Se você ouviu falar de The Bear — a série frenética e aclamada sobre um chef tentando salvar o restaurante do irmão — e foi procurar onde assistir, provavelmente se deparou com uma confusão. Nos Estados Unidos, ela está no Hulu. No Brasil e em dezenas de outros países, está no Disney+. Não, não é um erro de catálogo nem uma negociação separada: é o resultado de uma engenharia de direitos, marcas e estratégia de streaming que a Disney vem aperfeiçoando há anos. E, para quem está acostumado com o mercado brasileiro, a situação ficou ainda mais curiosa depois que o Star+ foi descontinuado e incorporado ao Disney+ em 2024.
A resposta curta: The Bear é uma produção original do FX, canal pago americano que pertence à Disney. Nos EUA, o FX licencia suas séries para o Hulu (que também é da Disney) por questões contratuais e de legado. Fora dos EUA, esses mesmos títulos vão para o Disney+ sob o selo Star, que funciona como uma marca guarda-chuva para conteúdo mais adulto. Mas essa história tem camadas — e entender cada uma delas ajuda a navegar o confuso mapa do streaming global.
O ecossistema FX, Hulu e Disney: uma novela de direitos
O FX é um canal de TV paga americano focado em séries de prestígio — Fargo, Atlanta, American Horror Story, Better Things e, claro, The Bear. A Disney comprou a maior parte da 21st Century Fox em 2019, o que incluiu o FX, o National Geographic, a Fox Searchlight e outros ativos. Mas o Hulu, plataforma de streaming que também pertencia parcialmente à Fox, entrou na negociação de forma mais complexa.

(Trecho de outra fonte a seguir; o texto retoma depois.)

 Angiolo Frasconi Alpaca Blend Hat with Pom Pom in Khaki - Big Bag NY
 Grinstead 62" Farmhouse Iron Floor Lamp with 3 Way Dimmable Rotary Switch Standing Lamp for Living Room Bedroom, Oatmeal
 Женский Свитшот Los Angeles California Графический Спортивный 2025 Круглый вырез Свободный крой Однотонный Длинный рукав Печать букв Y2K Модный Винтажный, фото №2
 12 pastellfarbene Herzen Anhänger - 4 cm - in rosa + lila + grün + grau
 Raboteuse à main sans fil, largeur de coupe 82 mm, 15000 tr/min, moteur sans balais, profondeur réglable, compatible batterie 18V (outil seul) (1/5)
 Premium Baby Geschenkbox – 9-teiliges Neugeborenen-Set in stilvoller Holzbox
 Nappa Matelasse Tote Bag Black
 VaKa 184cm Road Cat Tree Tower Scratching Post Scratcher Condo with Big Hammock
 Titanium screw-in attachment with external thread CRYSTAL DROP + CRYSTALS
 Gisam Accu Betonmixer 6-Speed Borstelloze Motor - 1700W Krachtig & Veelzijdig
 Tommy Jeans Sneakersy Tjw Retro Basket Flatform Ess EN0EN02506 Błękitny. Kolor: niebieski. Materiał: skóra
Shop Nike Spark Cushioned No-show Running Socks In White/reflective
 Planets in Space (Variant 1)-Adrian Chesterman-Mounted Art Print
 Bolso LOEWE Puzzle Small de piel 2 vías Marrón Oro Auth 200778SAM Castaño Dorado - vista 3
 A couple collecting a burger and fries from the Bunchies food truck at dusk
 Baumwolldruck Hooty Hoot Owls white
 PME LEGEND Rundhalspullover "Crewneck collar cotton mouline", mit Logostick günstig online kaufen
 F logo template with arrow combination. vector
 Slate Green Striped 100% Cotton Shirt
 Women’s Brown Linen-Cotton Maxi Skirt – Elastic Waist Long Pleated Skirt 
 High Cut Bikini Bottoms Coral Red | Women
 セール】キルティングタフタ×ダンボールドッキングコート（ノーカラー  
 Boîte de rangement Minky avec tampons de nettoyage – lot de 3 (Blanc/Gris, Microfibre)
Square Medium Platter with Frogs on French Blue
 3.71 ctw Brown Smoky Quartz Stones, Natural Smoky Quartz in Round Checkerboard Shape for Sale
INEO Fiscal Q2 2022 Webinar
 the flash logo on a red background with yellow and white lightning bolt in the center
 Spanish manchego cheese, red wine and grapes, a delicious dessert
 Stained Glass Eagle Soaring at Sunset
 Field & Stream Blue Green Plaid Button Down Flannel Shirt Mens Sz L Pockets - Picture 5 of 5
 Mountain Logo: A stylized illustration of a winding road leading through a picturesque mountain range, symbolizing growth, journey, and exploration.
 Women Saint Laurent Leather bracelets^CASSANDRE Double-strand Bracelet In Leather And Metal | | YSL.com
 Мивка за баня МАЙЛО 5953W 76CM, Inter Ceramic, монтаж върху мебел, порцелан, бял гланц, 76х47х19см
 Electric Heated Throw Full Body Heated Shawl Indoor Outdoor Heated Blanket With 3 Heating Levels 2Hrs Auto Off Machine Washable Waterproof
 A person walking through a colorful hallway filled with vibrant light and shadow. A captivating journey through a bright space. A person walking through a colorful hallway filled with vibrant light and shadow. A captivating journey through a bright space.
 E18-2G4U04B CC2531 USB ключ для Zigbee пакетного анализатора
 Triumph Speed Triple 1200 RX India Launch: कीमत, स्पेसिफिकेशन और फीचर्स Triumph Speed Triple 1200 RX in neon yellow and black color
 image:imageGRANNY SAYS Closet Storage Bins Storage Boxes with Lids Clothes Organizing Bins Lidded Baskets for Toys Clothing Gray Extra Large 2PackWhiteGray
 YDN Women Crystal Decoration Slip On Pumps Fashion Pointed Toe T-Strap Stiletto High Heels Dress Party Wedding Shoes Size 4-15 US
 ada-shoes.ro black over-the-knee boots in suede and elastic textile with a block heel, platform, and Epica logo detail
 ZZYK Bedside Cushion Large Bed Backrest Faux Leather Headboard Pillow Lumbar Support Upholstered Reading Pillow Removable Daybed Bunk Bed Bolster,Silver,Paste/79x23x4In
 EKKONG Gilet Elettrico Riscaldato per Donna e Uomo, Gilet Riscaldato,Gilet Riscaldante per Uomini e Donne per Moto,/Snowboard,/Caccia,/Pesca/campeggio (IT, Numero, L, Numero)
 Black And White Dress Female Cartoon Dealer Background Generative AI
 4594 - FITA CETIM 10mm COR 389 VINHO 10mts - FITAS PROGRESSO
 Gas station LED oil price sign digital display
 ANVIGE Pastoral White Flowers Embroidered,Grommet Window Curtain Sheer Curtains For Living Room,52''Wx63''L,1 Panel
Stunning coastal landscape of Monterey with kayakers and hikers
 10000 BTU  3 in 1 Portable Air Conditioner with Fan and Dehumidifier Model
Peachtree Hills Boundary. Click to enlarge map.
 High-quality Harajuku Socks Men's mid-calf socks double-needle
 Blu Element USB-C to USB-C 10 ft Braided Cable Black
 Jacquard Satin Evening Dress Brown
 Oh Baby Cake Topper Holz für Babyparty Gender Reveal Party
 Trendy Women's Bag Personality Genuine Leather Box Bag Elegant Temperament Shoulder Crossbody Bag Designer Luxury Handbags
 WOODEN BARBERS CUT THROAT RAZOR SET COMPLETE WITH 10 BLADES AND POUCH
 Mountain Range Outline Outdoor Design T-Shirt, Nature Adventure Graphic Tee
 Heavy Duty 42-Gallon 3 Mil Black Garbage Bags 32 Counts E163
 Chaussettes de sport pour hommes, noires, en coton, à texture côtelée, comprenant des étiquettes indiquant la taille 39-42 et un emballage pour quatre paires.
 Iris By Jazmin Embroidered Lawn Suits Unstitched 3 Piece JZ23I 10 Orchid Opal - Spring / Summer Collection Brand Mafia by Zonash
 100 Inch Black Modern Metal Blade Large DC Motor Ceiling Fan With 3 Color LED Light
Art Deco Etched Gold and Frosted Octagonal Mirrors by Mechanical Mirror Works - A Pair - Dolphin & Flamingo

Na época da aquisição, a Disney já era dona de 30% do Hulu (desde o lançamento, em parceria com NBCUniversal e Fox). Com a compra da Fox, a Disney passou a controlar 60% do Hulu. Mas os contratos de licenciamento entre o FX e o Hulu existiam antes disso — e determinavam que as séries originais do FX iriam para o Hulu nos Estados Unidos como janela de streaming pós-exibição linear. A Disney, ao invés de romper esses acordos, manteve a lógica: nos EUA, o FX continua alimentando o Hulu com seu catálogo, enquanto o Disney+ americano foca em conteúdo infantil, Marvel, Star Wars e franquias familiares.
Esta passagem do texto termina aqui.